Fast text-to-speech based on NeMo and Talk net, forked from this repo: https://github.com/SortAnon/ControllableTalkNet.
Though this project comes with sample characters, none of that data is in this repo. This project just links to the GDrive ids of various people and projects, largely pones at https://www.kickscondor.com/pony-voice-preservation-project/.

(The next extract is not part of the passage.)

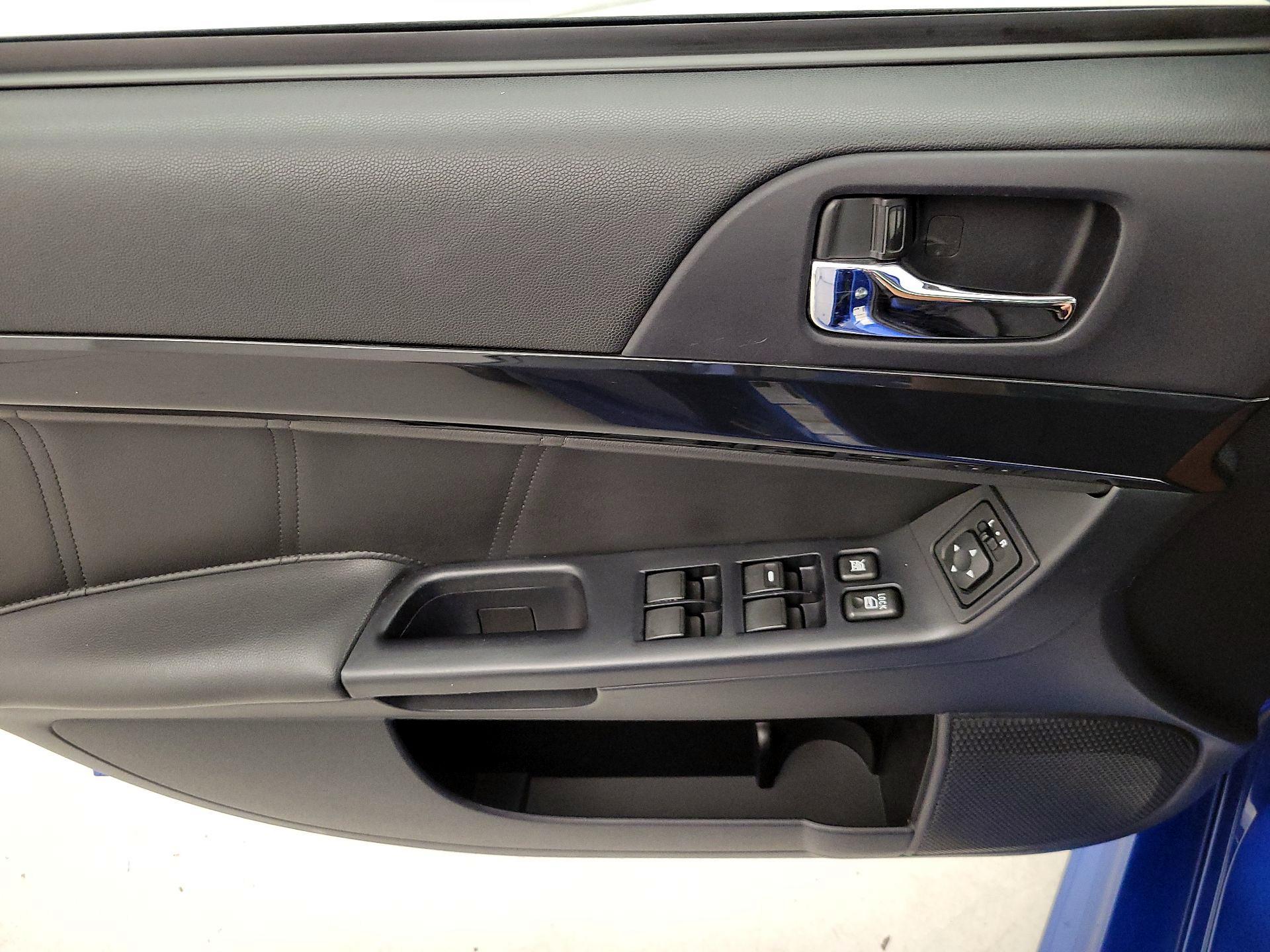 Thumbnail: 2015 Mitsubishi Lancer - 12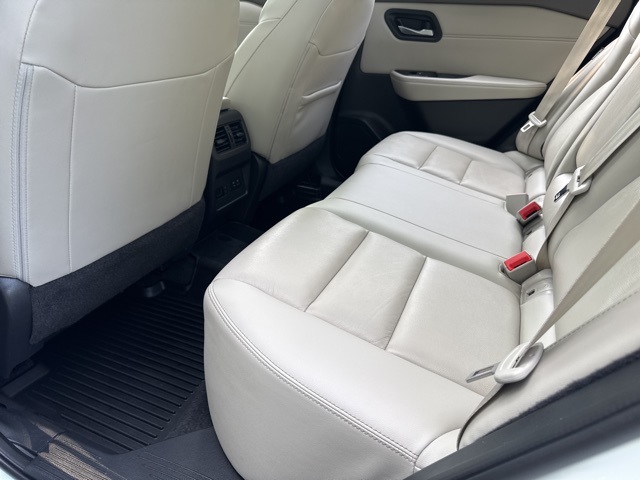 2023 Nissan Rogue SL photo 15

Tools are provided here for creating datasets, as well as a training notebook that should "just work". https://github.com/webaverse/LJSpeechTools
Currently requires python 3.8
First we need to install anaconda. Anaconda is a python environment manager, which lets us create multiple separate virtual environments and install Python packages into them. It works with pip, and will make working with Python a lot easier.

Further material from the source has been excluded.